No reasonable person would have reacted the way Jamal Tyshawn Jackson did on Sept. 1, 2018, a prosecutor told jurors Tuesday.

With little to no provocation and without making any attempt to retreat, Jackson shot Scott Allen Pennington in the face at close range amid a crowded bar scene along West First Street in downtown Duluth, said Assistant St. Louis County Attorney Jon Holets.

“There might’ve been a western bar across the street," Holets said in his closing argument, "but this wasn’t the Wild West.”

It took a jury less than three hours to agree with the prosecutor, finding the 27-year-old Jackson guilty of intentional second-degree murder.

Jackson looked straight ahead, not facing the jury of six women and six men or displaying any apparent emotion as 6th Judicial District Judge Theresa Neo read the verdict at about 2:15 p.m.
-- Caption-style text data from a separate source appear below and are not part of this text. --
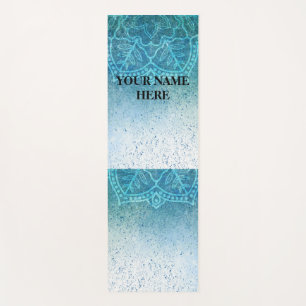 Ice Blue Natural Mandala Floral Yogamatte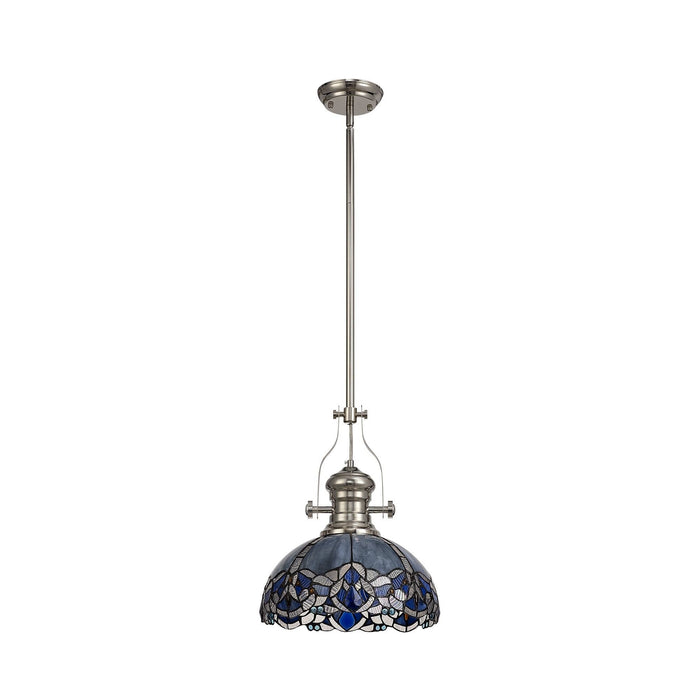 Nelson Lighting NLK04689 Louis/Ossie 1 Light Telescopic Pendant With 30cm Tiffany Shade Polished Nickel/Blue/Clear Crystal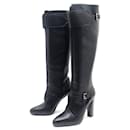 Hermes shoes 38.5 BUCKLE BOOTS HEELS IN BLACK LEATHER LEATHER BOOTS - Hermès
The crowded courtroom remained calm — the only reaction being some weeping from Pennington's family. Outside the courtroom, they exchanged hugs and handshakes with Holets and Duluth police investigators.

Neo ordered Jackson to remain jailed without bail as he awaits a Nov. 26 sentencing date.

Over five days of testimony, much of the evidence in the case was undisputed. Jackson even took the witness stand last week, admitting that he shot Pennington, 31, shortly before 1 a.m. across the street from Aces on First, 113 W. First St. But he claimed he did so in self-defense, with defense attorney Laura Zimm indicating the case came down to approximately 30 seconds not seen on surveillance video.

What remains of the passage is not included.